Une histoire tragique


Images des grilles en bas de la tribune, avec des pics dressés vers le haut

Le 15 avril 1989, 96 personnes meurent lors d’une bousculade dans le stade d’Hillsborough, à Sheffield, dans le nord de l’Angleterre.. À l’époque, lors d’un match entre le FC Liverpool et Nottingham, les autorités ont installé des grilles dans les tribunes, au nom de la lutte contre le «hooliganisme». Le mouvement de foule provoque l’écrasement de dizaines de personnes.

Quatre ans plus tôt, le 29 mai 1985 à Bruxelles, un mouvement de foule entraîne la mort de 39 personnes dans un stade de Bruxelles, ainsi que 465 blessées, asphyxiées ou écrasées dans les tribunes.

Depuis ces évènements, tout le monde sait qu’il faut éviter les grilles dans les stades, car cela peut tuer au moindre mouvement de panique. C’est pourtant ce que le gouvernement Macron, aux abois, déploie ce samedi au Stade de France.

Pour mettre en cage les supporters qui comptent huer Macron, des grilles ceinturent les tribunes. Pire, il y a des pics métalliques en haut de ces grillages.

L’Association Nationale des Supporters rappelle : «S’il y a des incidents graves, la préfecture et la FFF devront assumer. En cas d’incident empêchant de quitter la tribune par le haut, il y a aura un phénomène d’écrasement sur les barrières de bas de tribune». «C’est notamment ce qui a provoqué les 39 morts au Heysel, raison pour laquelle on ne met plus jamais de grilles en bas de tribune : le terrain doit être une échappatoire».

Le préfet de police Laurent Nuñez assure que les «grilles avec des piques au Stade de France (…) peuvent s’abaisser en cas de pression majeure» sur BFM, comme si c’était censé nous rassurer.

Macron a réalisé un tour de force : il est parvenu à transformer une fête sportive, la finale de Coupe de France, en scandale d’État.
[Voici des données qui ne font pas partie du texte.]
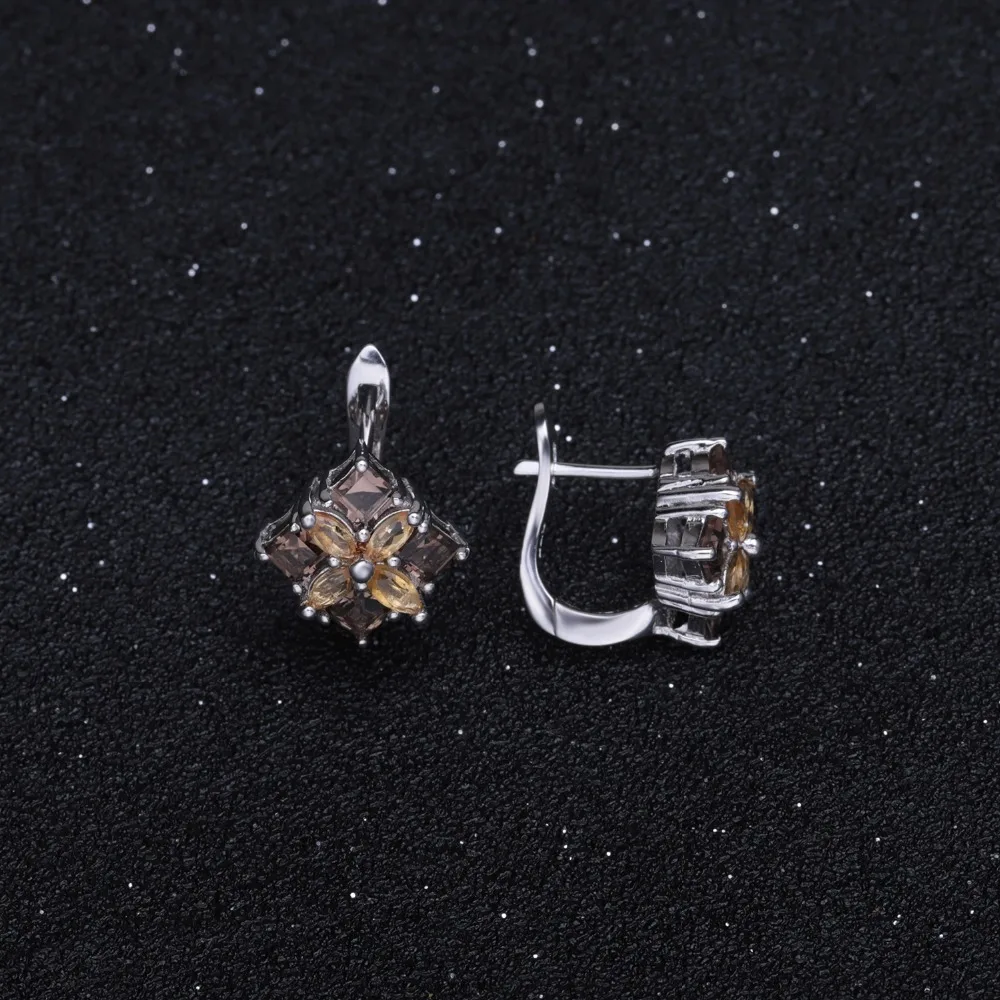 Женские серьги гвоздики из серебра 925 пробы с натуральным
Ce soir, des drones vont survoler le stade, des contrôles massifs auront lieu, 3000 policiers seront déployés. Des hommes en armes entourent déjà des syndicalistes qui distribuent des cartons rouges. Et des grilles avec des pics en tribunes. Le stade transformé en forteresse répressive pour faire taire toute contestation.

Symbole terrible un an avant les Jeux Olympiques de Paris. L’illustration d’une dictature qui s’installe.